S eit Ausbruch der Schuldenkrise 2009 machen griechische Politiker vor allem das, was sie am besten können: nämlich Wahlkampf. Linkspremier Alexis Tsipras möchte da keine Ausnahme bilden. Allerdings hat er auch eine passende Entschuldigung: Es geht gar nicht anders. Seitdem ihm fast ein Drittel der Parlamentarier seiner regierenden Syriza-Partei die Gefolgschaft verweigert hat, kann der Linkspremier unliebsame Gesetzesvorlagen nur noch mit Hilfe der Oppositionsstimmen durchbringen.
Darüber hat sich der Ex-PASOK-Chef und ehemalige Finanzminister Venizelos auch schon lautstark mokiert: „Es kann nicht sein, dass es im griechischen Parlament zwei unterschiedliche Regierungsmehrheiten gibt: Eine Mehrheit für die angenehmen Dinge des Regierens, die von allen Linksabgeordneten getragen werden, und eine andere Mehrheit für unangenehme Gesetzesvorlagen, bei denen die Opposition herangezogen wird‟.
Jetzt also Neuwahlen. Der Regierungschef darf seine Wahllisten nach Gutdünken gestalten und dabei die radikal-linken Kräfte um Ex-Energieminister Lafazanis mit Ignoranz strafen. Diese einzigartige Chance zum Durchregieren will der Machtpolitiker Tsipras auf keinen Fall auslassen. Lafazanis wiederum hat angedeutet, eine neue Front gegen die Sparpolitik gründen zu wollen. Er sollte dies am besten sofort tun, damit die Parlamentskollegen die Blamage vermeiden, mit der rechtsradikalen Goldenen Morgenröte allen Ernstes über eine Regierungsbildung zu verhandeln.
Hintergrund dieser Scharade: Tritt der Premier zurück, darf der Staatspräsident laut Verfassung nicht sofort Neuwahlen ausschreiben. Sondern er muss zunächst einmal den Auftrag zur Regierungsbildung an die zweitstärkste im Parlament vertretene Partei weitergeben (in dem Falle den ND), was bereits geschehen ist; wenn auch das keinen Erfolg bringt, muss er sogar auch die drittgrößte Partei mit der Regierungsbildung beauftragen, bevor er an die Urnen aufruft.

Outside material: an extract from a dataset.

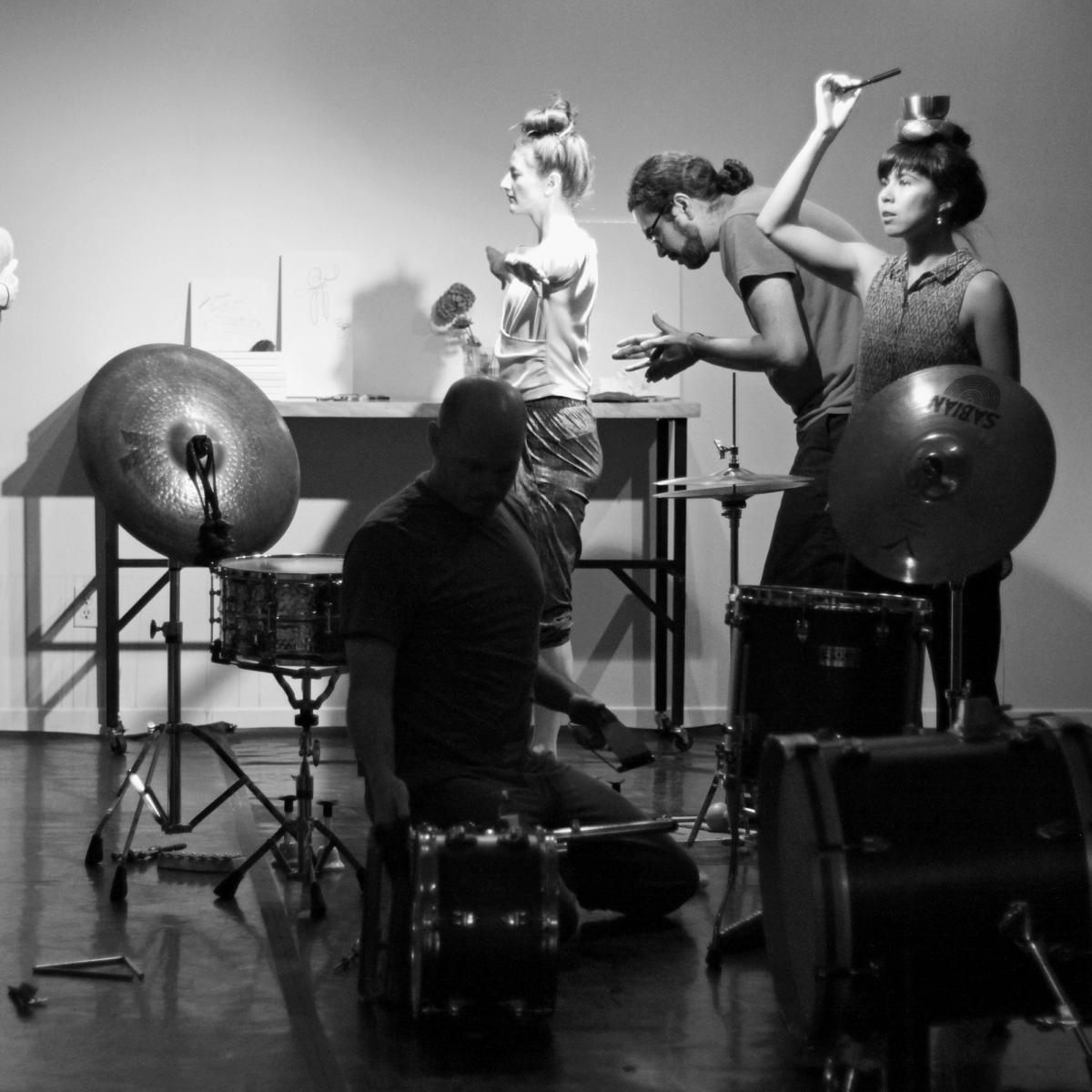 dancers balancing objects on their head in re-writing distance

Als drittgrößte Partei mit jeweils 17 Sitzen gelten derzeit die sozial-liberale Gruppierung To Potami und eben die Goldene Morgenröte. Sollten sich über 20 Linksparlamentarier von Syriza abspalten und Lafazanis in eine neue Partei folgen, wofür einiges spricht, dann sähen die Machtverhältnisse im Athener Parlament wohl plötzlich ganz anders aus.